The received wisdom is that Robert Moses was determined to route the Brooklyn-Queens Expressway through Brooklyn Heights, following the route of Hicks Street, staying roughly on the course it had taken through Carroll Gardens and Cobble Hill, but that heroic resistance by Heights residents convinced him to try the innovative plan (where have we heard that lately?) of building a cantilevered highway on the side of the bluff below the Heights, with a Promenade on top.
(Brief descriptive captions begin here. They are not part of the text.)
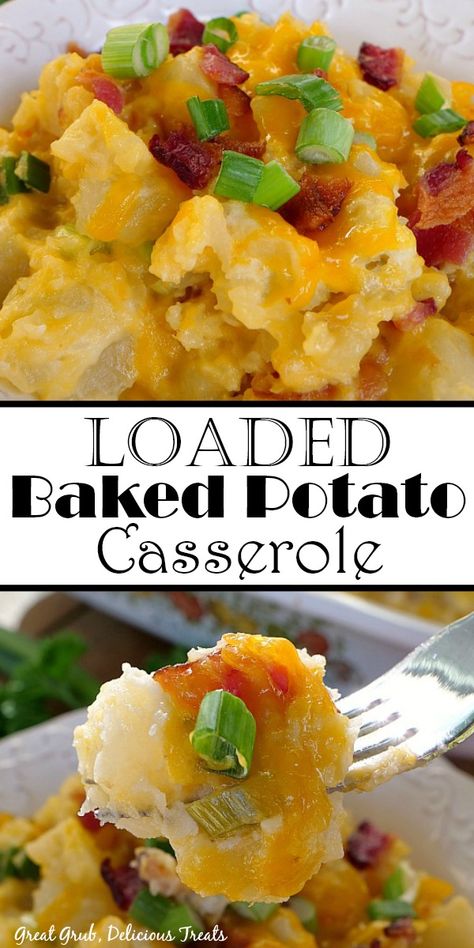 Loaded Baked Potato Casserole is a delicious side dish recipe packed full of flavor with bacon, sour cream, onions and cheese. #easycasseroles #dinnerrecipe #easypotatorecipes #loadedpotatocasserole #greatgrubdelicioustreats Creamy Potato Bake, Loaded Potato Casserole, Loaded Baked Potato Casserole, Bacon Casserole, Twice Baked Potatoes Casserole, Mashed Potato Casserole, Cheesy Potato Casserole, Baked Potato Casserole, Loaded Baked Potato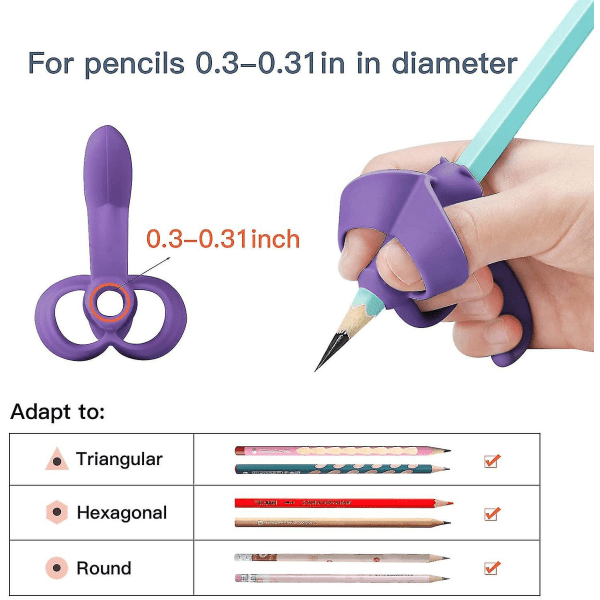 Blyantgrep for barn Håndskrift Ergonomisk 5 fingre Blyantgrep Holdningskorrigering Skrivehjelpegrep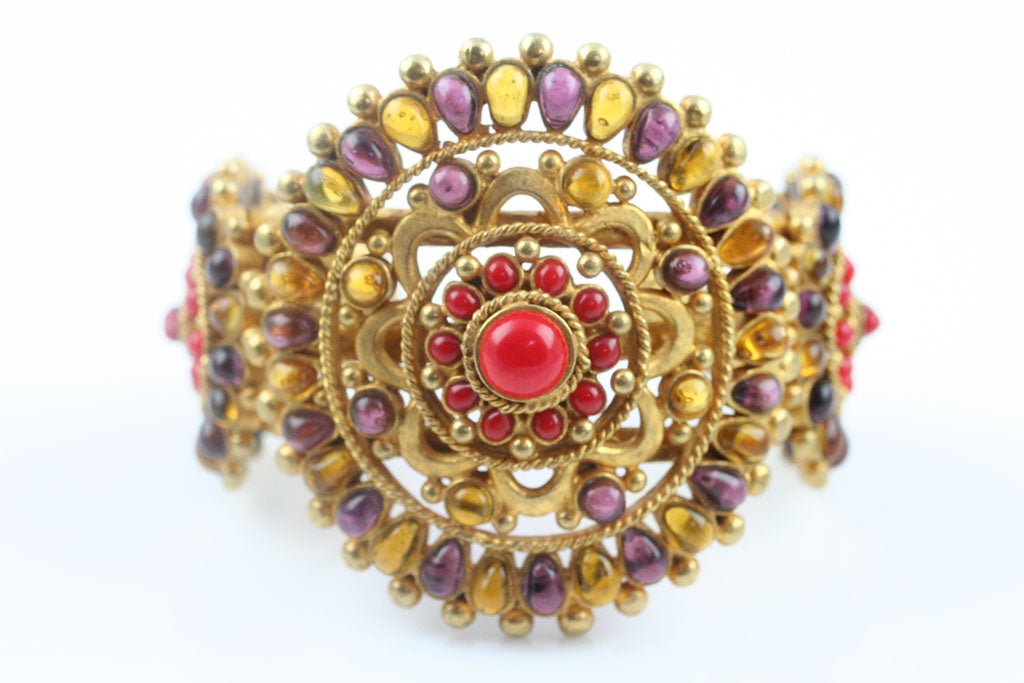 Chanel Gilt Metal and Poured Glass Cuff at 1stDibs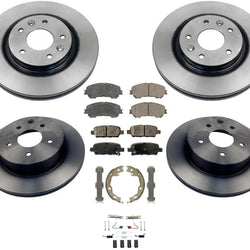 For 14-17 Rogue With 3rd Row Seating Disc Brake Rotors Ceramic Pads Parking 8pc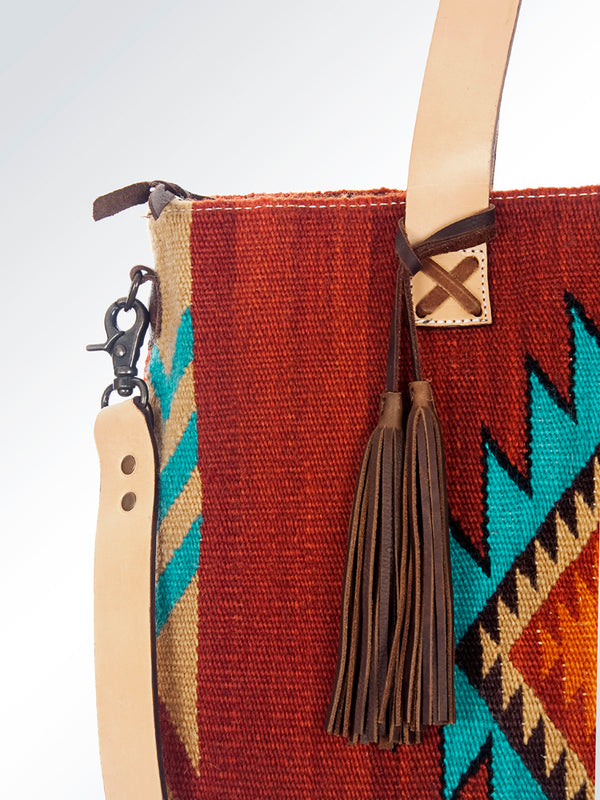 ADBG573 Southwestern Wool Tote with Geometric Pattern Natural Leather Straps & Tassel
That’s all wrong, according to Thomas J. Campanella, in New York Magazine’s “Intelligencer”. Mr. Campanella, associate professor of city planning at Cornell University and historian-in-residence of the New York City Parks Department, contends that Moses never seriously intended for the BQE to follow the Hicks Street route, instead preferring a route paralleling Furman Street. Still, he was angry with the Heights because residents here enlisted the aid of Eleanor Roosevelt to oppose his plan for a Brooklyn-Battery Bridge, which they regarded as a potential eyesore, and forced him to build a tunnel instead. To get revenge, he posted surveyors with theodolites along Hicks, prompting an alarmed headline in the Brooklyn Heights Press. His other intention was to get approval for his proposal to top his cantilevered highway with a promenade that would be part of the public park system. The idea of a public promenade there had been proposed several times before, but Columbia Heights residents had always opposed it.
So, should the story of the brave Heights resistance leading to Moses’ revising his highway plan join the lovely tale of Miss Middagh’s renaming of the Fruit Streets as fake history?